Each line from the one holding "Großer Pool im" to the last line below must be restated word for word, and no picture may be included.

(Collected data entries)
::::::::

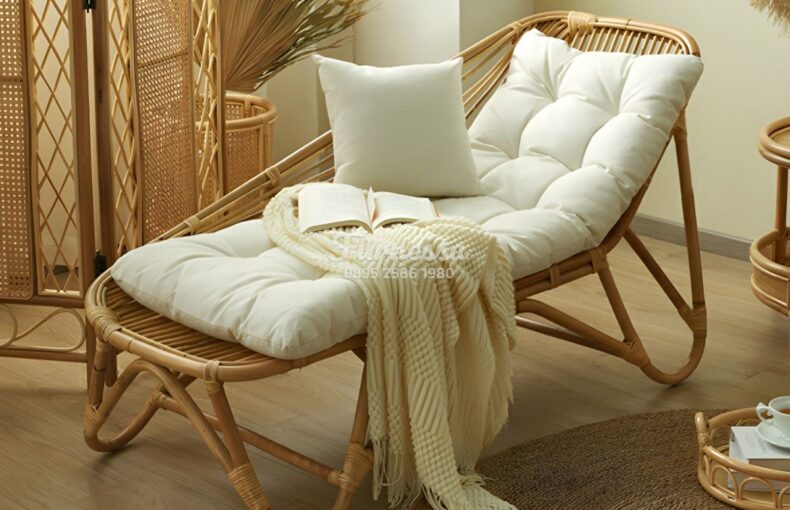 Kursi Lounger Rotan Multifungsi Natural Rattan
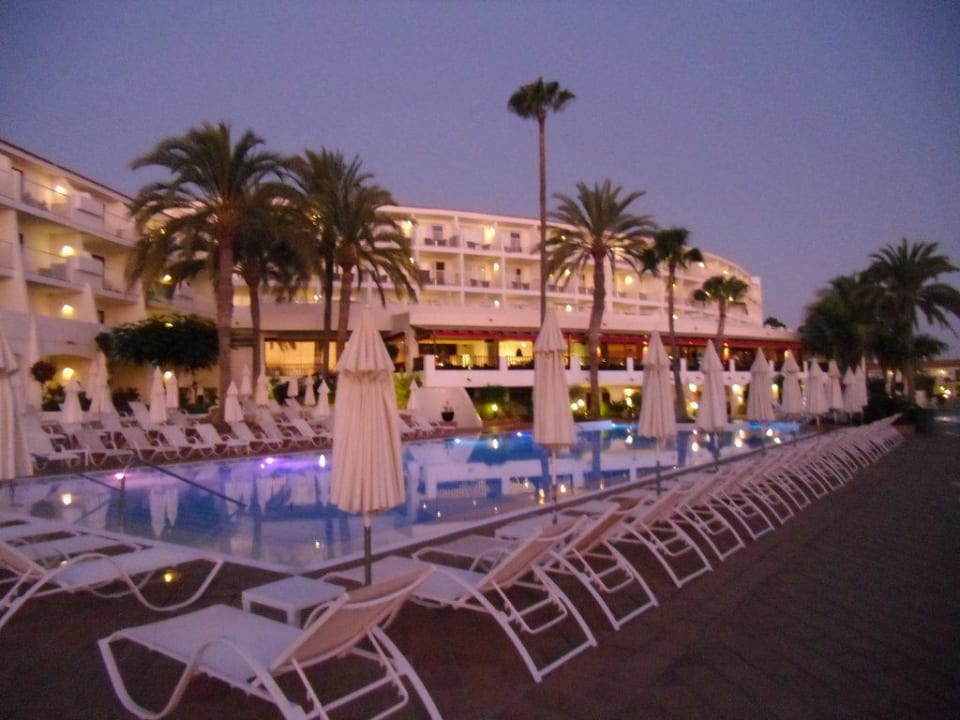 Großer Pool im hinteren Außenbereich Sunprime Atlantic View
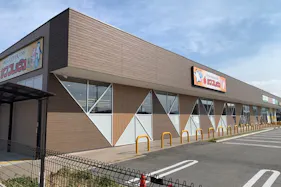 【サンフレッシュ狛田店】企業プロモーションイベントや物販に最適な地域密着型スーパー内ATM横の催事スペース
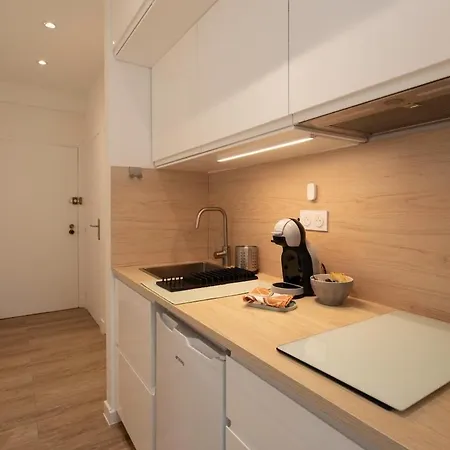 #26 Idealy Located Flat Ac 2mins Walk To Sea Balcony Nice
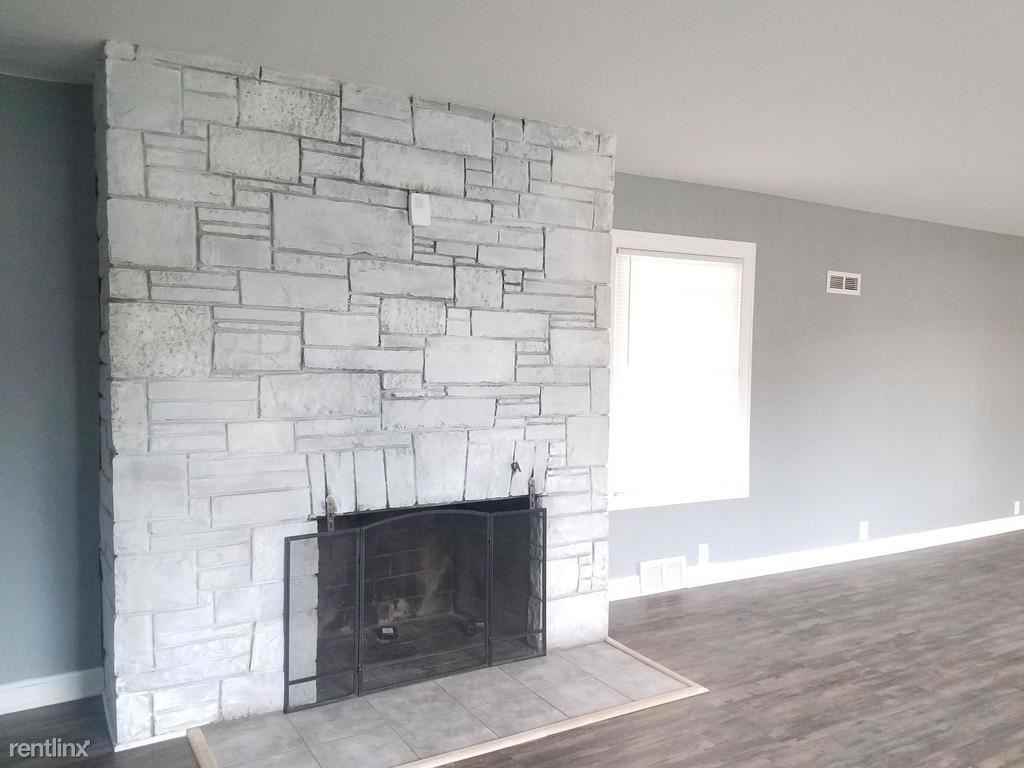 4335 N Teutonia Ave - Photo 3 of 29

::::::::

REPLY.
 Großer Pool im hinteren Außenbereich Sunprime Atlantic View
 【サンフレッシュ狛田店】企業プロモーションイベントや物販に最適な地域密着型スーパー内ATM横の催事スペース
 #26 Idealy Located Flat Ac 2mins Walk To Sea Balcony Nice
 4335 N Teutonia Ave - Photo 3 of 29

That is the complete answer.